▶ Problem details: Your copy runs from the line containing "1201 Audubon Trace - Photo 7" through the last line of the listing, both included. Restate those lines word for word and leave out pictures.

--- Extracted entries ---

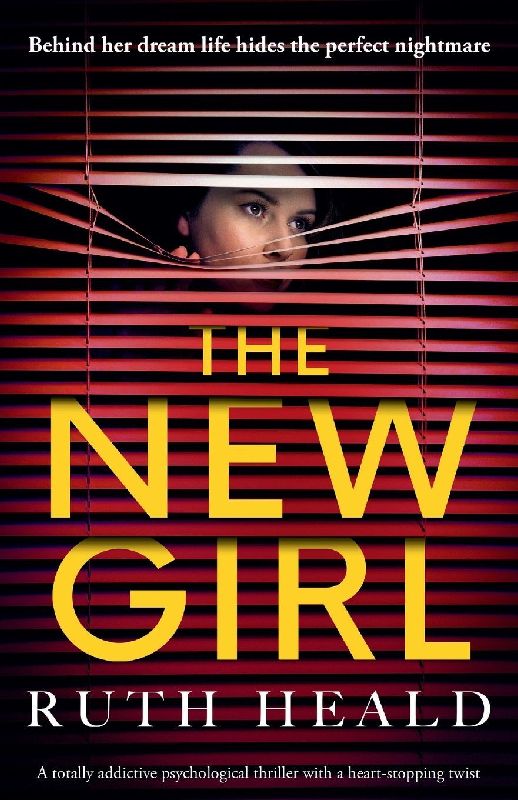 The New Girl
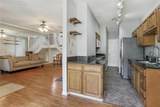 1201 Audubon Trace - Photo 7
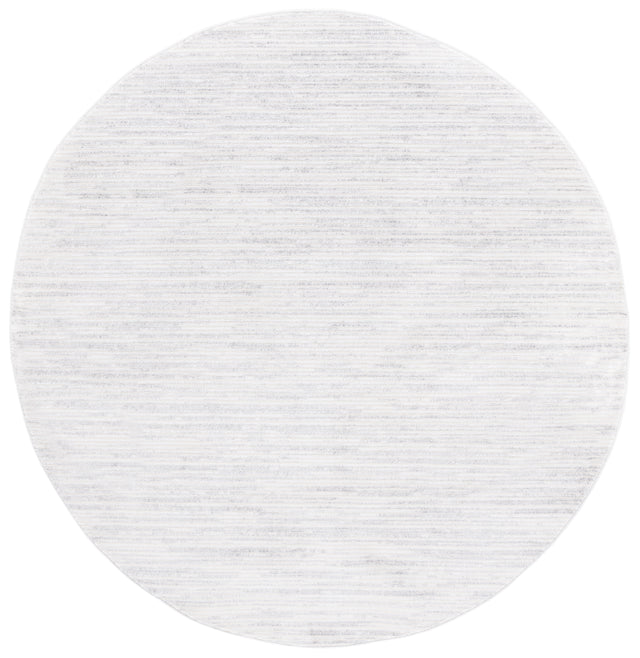 Safavieh Whisper Whs565F Light Grey/Ivory Rug.
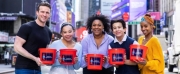 Broadway Cares/Equity Fights AIDS Red Buckets Return To Theaters Tonight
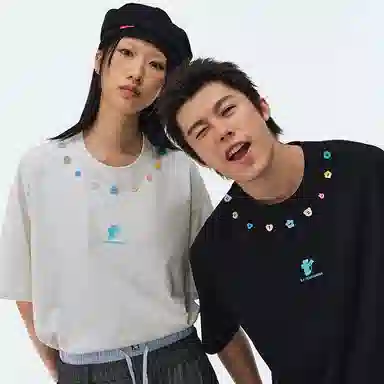 TURNTHETABLES LOGO5A T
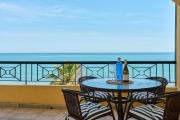 Top Torrox Costa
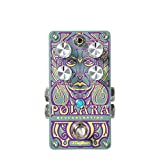 Digitech Polara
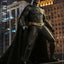 Batman Begins Movie Masterpiece Action Figure 1/6 Batman Hot Toys Exclusive 32 cm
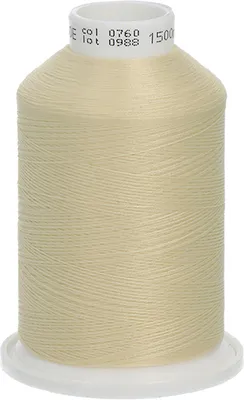 Obrázek produktu pro Nit elastická, chemlonová Texar 200E 1500 m - 0760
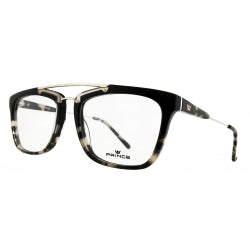 Prince Eyeglasses 74-040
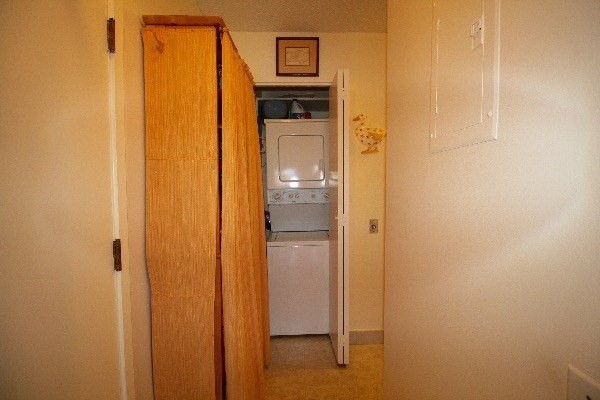 3-3400 Kuhio Hgwy, Lihue, HI 96766
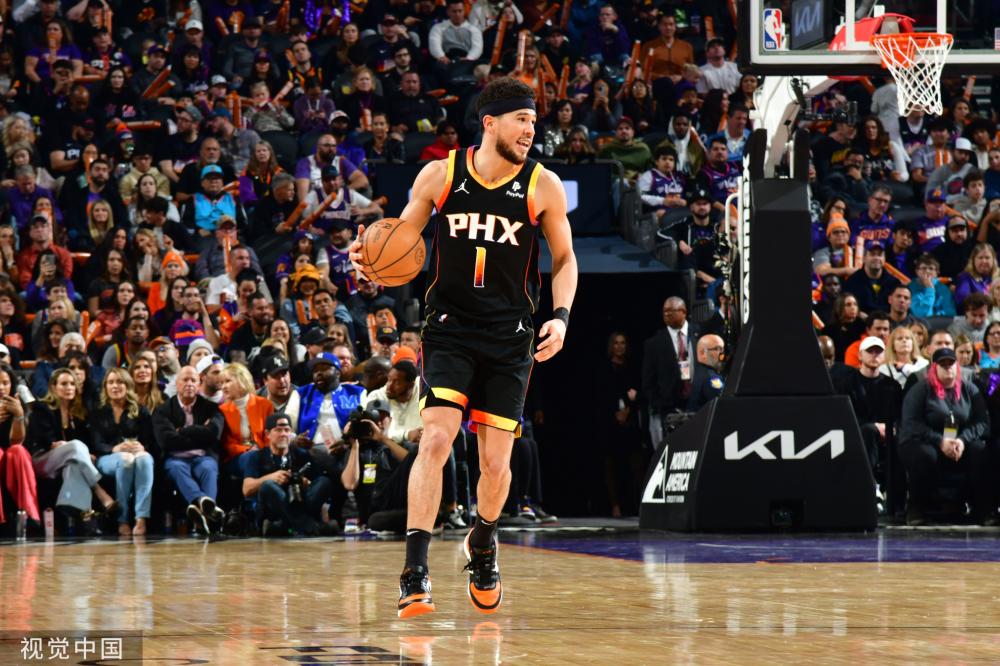 华盛顿在场 华盛顿在场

---

▶ Written solution:
 1201 Audubon Trace - Photo 7
 Safavieh Whisper Whs565F Light Grey/Ivory Rug.
 Broadway Cares/Equity Fights AIDS Red Buckets Return To Theaters Tonight
 TURNTHETABLES LOGO5A T
 Top Torrox Costa
 Digitech Polara
 Batman Begins Movie Masterpiece Action Figure 1/6 Batman Hot Toys Exclusive 32 cm
 Obrázek produktu pro Nit elastická, chemlonová Texar 200E 1500 m - 0760
 Prince Eyeglasses 74-040
 3-3400 Kuhio Hgwy, Lihue, HI 96766
 华盛顿在场 华盛顿在场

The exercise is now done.